United States District Court, D. New Mexico

March 15, 2019




         In this dispute over the calculation of royalty payments for natural gas produced under certain oil and gas leases, Gerald Ulibarri and White River Royalties, LLC (Plaintiffs) allege that Defendant Southland Royalty Company, LLC (Southland) employs a method of calculating royalty payments that violates their lease agreements. Before considering this contract interpretation dispute, however, the Court must rule on Plaintiffs' motion to certify their proposed class. Plaintiffs argue that there are hundreds of individuals and entities with interests in oil and gas lease agreements that are similarly breached every time Southland deducts certain post-production costs from their royalty payments. Southland counters that determining whether an individual's royalty payment is correctly calculated requires an individualized assessment of each lease and the relevant wells and market conditions.
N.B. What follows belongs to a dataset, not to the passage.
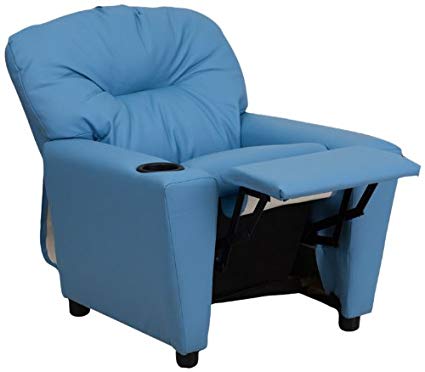 Flash Furniture Contemporary Light Blue Vinyl Kids Recliner with Cup Holder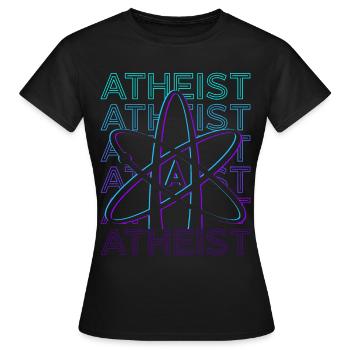 Atheist Atheism Anti-Religion Science Atomw - Women's T-Shirt - black - Front - AI Model Female 172 dark (172cm)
         Southland has proffered an expert witness, Kris Terry, to opine on the customs, practices, usage of terms, and historical context that inform lease provisions in the oil and gas industry. Plaintiffs argue that her expert testimony amounts to no more than legal conclusions and impermissible opinions on contract interpretation that are not relevant to class certification issues. Plaintiffs urge the Court to exclude the entirety of her testimony from an upcoming class certification hearing and the Court's consideration of the certification issue. Having considered the submissions of the parties, the record, and relevant law, the Court will deny Plaintiffs' motion to exclude Ms. Terry's expert testimony from the class certification hearing.

         I. Background[1]

         A. The Underlying Complaint and Proposed Class

         Southland produces natural gas from various “gas only” wells in New Mexico. (Doc. 99 at 3.) Southland produces this gas and related natural gas products pursuant to the lessee's interest it holds in numerous oil and gas lease agreements that it acquired through assignment from Energen Resources Corporation on January 1, 2015. (See id.; see also Doc. 106 at 11.) These lease agreements contain provisions providing that individuals and entities holding the lessor's interest shall be paid royalties on natural gas production. (See Doc. 99 at 3.) Production, treatment, and processing of natural gas yields natural gas residue, natural gas liquids, and condensate. (Id. at 7 (“[a]fter treatment and processing, the gas . . . is converted into residue gas, natural gas liquids and condensate, [which] are then sold to third party purchasers”).) The named plaintiffs have lessor's interests in several lease agreements under which Southland produces natural gas. (Id. at 3-4.)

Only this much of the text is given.